Pelham Grenville - or "Plum" as his
family called him - lived here for 6-7 years at the height of his dizzying
success. He became a full time writer at just 20 years old after working in a
bank. He lived here with his wife Ethel and stepdaughter Leonora and eleven
servants. He penned ten novels her in undisturbed silence in his bedroom. My second
favourite novel is probably Right Ho, Jeeves and he wrote it here. The family sold and left the
place when they emigrated to France. He mustn’t have known then he’d later be classed
as a leper by the British authorities.
While living in France Plum was captured by the
invading Germans and was interned for nearly a year before he was taken to
Berlin.
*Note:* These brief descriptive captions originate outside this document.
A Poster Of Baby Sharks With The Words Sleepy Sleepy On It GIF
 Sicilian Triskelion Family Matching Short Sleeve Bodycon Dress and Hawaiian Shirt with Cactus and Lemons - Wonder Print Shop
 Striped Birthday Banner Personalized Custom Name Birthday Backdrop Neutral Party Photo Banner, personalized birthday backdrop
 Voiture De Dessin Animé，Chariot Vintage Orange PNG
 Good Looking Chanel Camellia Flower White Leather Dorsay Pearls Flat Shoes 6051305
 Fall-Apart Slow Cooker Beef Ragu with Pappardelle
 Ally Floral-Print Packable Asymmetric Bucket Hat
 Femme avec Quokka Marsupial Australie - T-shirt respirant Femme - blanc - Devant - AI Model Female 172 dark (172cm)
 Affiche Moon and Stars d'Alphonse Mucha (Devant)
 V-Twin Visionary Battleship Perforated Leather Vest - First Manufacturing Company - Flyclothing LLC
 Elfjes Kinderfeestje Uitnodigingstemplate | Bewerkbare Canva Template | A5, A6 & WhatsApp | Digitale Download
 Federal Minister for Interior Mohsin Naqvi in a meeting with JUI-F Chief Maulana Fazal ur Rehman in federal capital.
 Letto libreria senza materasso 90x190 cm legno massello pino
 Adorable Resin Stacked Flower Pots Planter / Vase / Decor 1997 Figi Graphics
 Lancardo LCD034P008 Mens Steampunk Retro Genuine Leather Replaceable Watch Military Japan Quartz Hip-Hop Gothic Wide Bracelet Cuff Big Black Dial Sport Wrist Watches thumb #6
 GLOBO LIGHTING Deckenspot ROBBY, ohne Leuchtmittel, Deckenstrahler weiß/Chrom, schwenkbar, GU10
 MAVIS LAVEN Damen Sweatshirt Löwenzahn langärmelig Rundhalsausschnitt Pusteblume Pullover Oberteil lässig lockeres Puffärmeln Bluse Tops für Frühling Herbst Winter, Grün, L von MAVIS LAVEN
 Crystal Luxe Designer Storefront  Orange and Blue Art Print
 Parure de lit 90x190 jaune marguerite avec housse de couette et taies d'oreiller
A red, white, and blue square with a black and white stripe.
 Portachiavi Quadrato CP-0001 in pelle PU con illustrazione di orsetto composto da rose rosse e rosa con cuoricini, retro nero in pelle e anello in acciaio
From there he naively made a series of broadcasts to American audiences
which led to him being falsely labelled a traitor and Nazi propagandist.
Punishment : permanent exile from Britain and he never returned despite his
well-loved novels. Just before his death at 93 he was awarded a knighthood. Official
forgiveness can come only from royalty and the Queen Mother revealed the blue
plaque on the wall in 1988 having read most of his novels. Perhaps if he hadn't
missed England so much he might not have written so manically about the very
English Jeeves, Psmith and Ukridge. He submerged into his fictional Edens spending hour months and decades in these innocent
fictional worlds, gaining a cult following that still exists today.
While walking down the side of Hyde Park in Mayfair
I thought I'd go and have a quick look at number 17. I touched the doorknob
thinking the mega-popular novelist must have touched it (the servants can't
have done everything.) If you were a big fan you could have bought a
two-bedroom flat in 2015 for £2.25 million and owned part of Plum’s home. In
the photos here you can see the lounge - this was Plum's bedroom where the
novels were written. The current kitchen was a large linen cupboard.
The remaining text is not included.